Hoge Raad – geen sprake van welbewuste instemming bij het verrichten van de nieuwe werkzaamheden
De werknemer was het hiermee niet eens. Hij stelde zich bij de Hoge Raad op het standpunt dat het feitelijk gaan verrichten van andere werkzaamheden onvoldoende is om aan te nemen dat hij deze functie met een daaraan verbonden lager loon heeft aanvaard.

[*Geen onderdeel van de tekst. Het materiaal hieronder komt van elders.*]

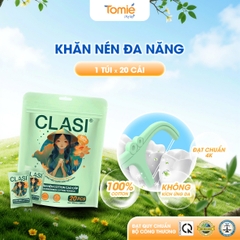 CLASI - Túi khăn nén - 300x600mm - 20 cái/túi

De Hoge Raad volgt in de uitspraak van 23 november 2018 de werknemer in zijn betoog (Hoge Raad 23 november 2018, ECLI:NL:HR:2018:2172). Hij verwijst naar zijn eerdere uitspraak waarin is overwogen dat bij een verslechtering van de arbeidsvoorwaarden sprake moet zijn van “welbewuste instemming” door de werknemer.Het enkele feit dat de werknemer de bij die functie behorende werkzaamheden is gaan verrichten is onvoldoende voor ‘welbewuste instemming’. Daarbij is van belang dat een werknemer in de verhouding tot zijn werkgever verplicht is de bedongen arbeid te verrichten. Hij loopt immers het risico dat het niet verrichten van opgedragen werkzaamheden als werkweigering wordt aangemerkt. Hier komt nog bij dat werknemer jegens Bogra uitdrukkelijk heeft verklaard niet in te stemmen met de indeling in de andere functie met het lagere loon. Van welbewuste instemming is in deze zaak dan ook geen sprake.
Conclusie
Een werknemer kan vaak niet anders dan de opgedragen werkzaamheden toch uitvoeren. Bij (werk)weigering kan de werkgever immers niet alleen tot stopzetting van het loon overgaan, maar kan dit zelfs leiden tot ontslag. Een praktische oplossing is dan ook om “onder protest” de gewijzigde functie met een lager loon te gaan vervullen. De werknemer kan vervolgens de vraag aan de rechter voorleggen of sprake is van een geoorloofde wijziging in de arbeidsvoorwaarden. De Hoge Raad heeft in de uitspraak van 23 november 2018 in ieder geval bevestigd dat het enkele vervullen van de nieuwe functie niet betekent dat de werknemer ‘welbewust’ heeft ingestemd met een wijziging in zijn arbeidsvoorwaarden.